A partida de Kharkiv, no leste da Ucrânia, foi organizada por funcionários da universidade, e a longa e tensa viagem de autocarro demorou mais porque as famílias ucranianas tinham prioridade. "Eu compreendo. Estão em guerra e a tentar salvar os seus. Tenho pena deles", diz Islam. "Mas no fim de contas não foi assim tão mau para nós, pelo que soubemos de outros. Estivemos numa fila, ao frio, três ou quatro horas."
Passado o susto e o choque da "competição" nas filas junto da fronteira (uma versão do "cada um por si"), fica a dúvida se voltarão à Ucrânia. Islam estudava no quarto ano e Maya no terceiro. "Foi decretada uma pausa letiva. Vamos ver", diz Maya.
A partir de segunda-feira as autoridades fronteiriças passaram a aceitar apenas a identificação das mulheres e crianças ucranianas para que a passagem para a Polónia seja mais lesta. Por Shehyni-Medyka atravessaram umas 200 mil pessoas. Mas ninguém compreende porque só cinco dos 11 postos fronteiriços estão abertos, contribuindo para o estrangulamento.

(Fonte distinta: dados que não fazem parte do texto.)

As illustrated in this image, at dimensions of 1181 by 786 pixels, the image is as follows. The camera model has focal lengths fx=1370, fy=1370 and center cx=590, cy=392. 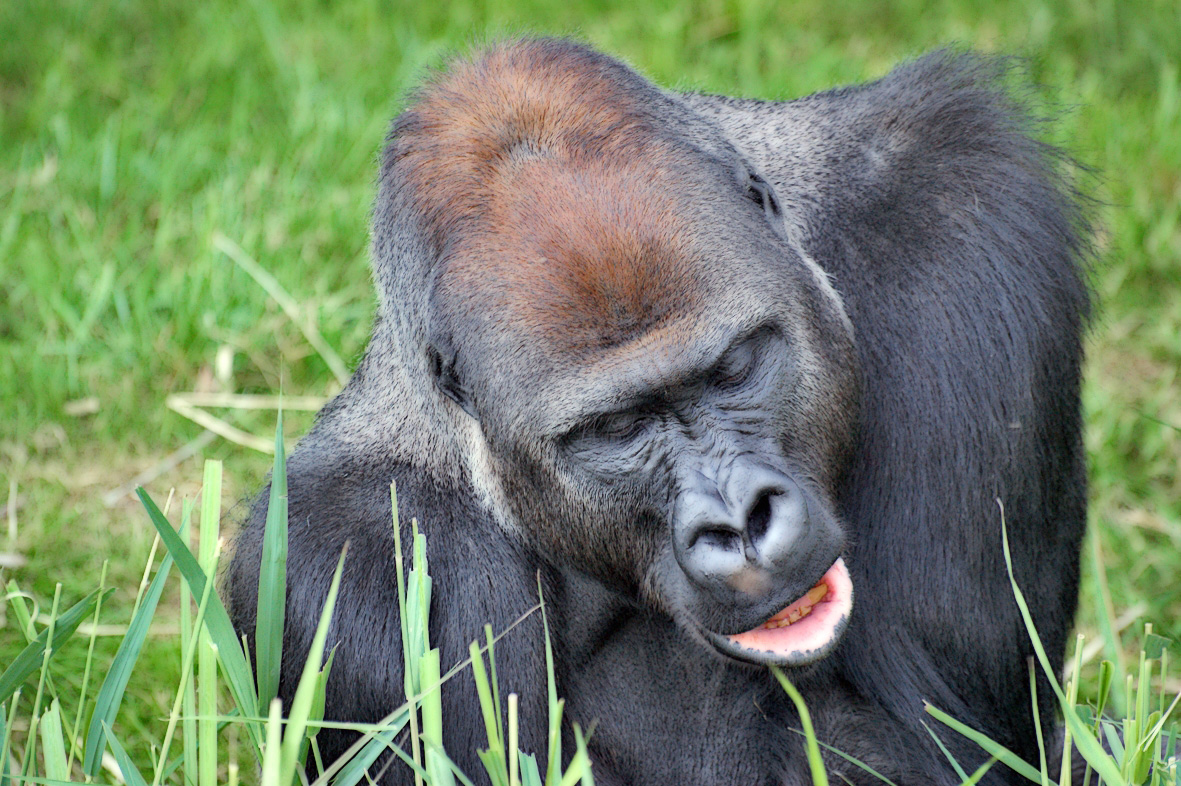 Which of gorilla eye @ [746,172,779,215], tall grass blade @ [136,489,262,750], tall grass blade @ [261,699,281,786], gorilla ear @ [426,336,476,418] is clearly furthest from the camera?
gorilla eye @ [746,172,779,215]

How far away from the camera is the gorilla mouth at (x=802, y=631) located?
3074mm

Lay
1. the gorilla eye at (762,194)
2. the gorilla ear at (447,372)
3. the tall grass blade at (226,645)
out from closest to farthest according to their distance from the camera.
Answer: the tall grass blade at (226,645)
the gorilla ear at (447,372)
the gorilla eye at (762,194)

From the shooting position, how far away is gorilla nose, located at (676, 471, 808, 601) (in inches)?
114

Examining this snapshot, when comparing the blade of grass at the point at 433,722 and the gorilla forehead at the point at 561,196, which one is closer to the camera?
the blade of grass at the point at 433,722

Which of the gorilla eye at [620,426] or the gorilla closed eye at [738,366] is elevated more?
the gorilla closed eye at [738,366]

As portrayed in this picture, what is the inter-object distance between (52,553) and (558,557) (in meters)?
2.43

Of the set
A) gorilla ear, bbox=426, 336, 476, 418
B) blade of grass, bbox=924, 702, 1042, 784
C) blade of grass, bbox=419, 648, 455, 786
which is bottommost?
blade of grass, bbox=924, 702, 1042, 784

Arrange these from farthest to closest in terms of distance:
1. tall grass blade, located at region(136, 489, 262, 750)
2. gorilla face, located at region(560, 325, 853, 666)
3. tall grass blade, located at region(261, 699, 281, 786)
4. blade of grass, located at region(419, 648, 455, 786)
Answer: tall grass blade, located at region(136, 489, 262, 750) → gorilla face, located at region(560, 325, 853, 666) → blade of grass, located at region(419, 648, 455, 786) → tall grass blade, located at region(261, 699, 281, 786)

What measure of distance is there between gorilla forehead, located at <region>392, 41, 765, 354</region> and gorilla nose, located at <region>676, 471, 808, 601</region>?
1.40 ft

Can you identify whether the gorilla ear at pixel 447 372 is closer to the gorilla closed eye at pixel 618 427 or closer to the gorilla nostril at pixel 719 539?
the gorilla closed eye at pixel 618 427

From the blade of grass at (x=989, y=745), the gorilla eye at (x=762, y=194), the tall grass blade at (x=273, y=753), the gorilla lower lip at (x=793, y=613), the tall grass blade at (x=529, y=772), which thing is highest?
the gorilla eye at (x=762, y=194)

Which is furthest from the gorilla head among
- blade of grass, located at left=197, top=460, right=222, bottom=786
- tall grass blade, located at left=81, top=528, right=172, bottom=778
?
tall grass blade, located at left=81, top=528, right=172, bottom=778

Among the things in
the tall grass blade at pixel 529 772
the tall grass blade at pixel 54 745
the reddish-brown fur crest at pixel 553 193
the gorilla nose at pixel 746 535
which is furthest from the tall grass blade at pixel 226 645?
the gorilla nose at pixel 746 535

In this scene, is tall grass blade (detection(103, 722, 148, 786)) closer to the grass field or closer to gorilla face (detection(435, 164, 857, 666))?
gorilla face (detection(435, 164, 857, 666)) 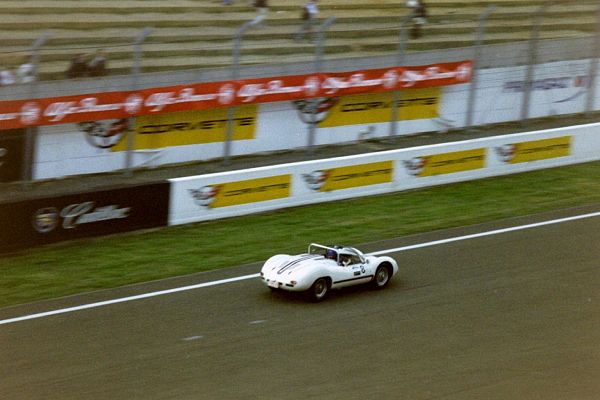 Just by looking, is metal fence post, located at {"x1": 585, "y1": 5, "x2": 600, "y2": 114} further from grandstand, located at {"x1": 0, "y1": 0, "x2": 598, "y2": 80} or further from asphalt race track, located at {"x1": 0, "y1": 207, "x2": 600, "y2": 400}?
asphalt race track, located at {"x1": 0, "y1": 207, "x2": 600, "y2": 400}

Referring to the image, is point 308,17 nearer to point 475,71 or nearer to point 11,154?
point 475,71

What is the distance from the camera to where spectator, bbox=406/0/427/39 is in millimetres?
20781

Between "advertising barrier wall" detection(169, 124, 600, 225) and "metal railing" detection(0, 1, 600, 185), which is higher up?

Em sentido contrário também se circula. Três ucranianos com idade de mancebos chegaram de comboio para prosseguir até ao seu país. Não falam qualquer língua ocidental, pelo que a comunicação é possível graças a um telefonema para a namorada de um deles. Esta explica que Ilya viajou da Letónia para a sua terra natal, para a "defender".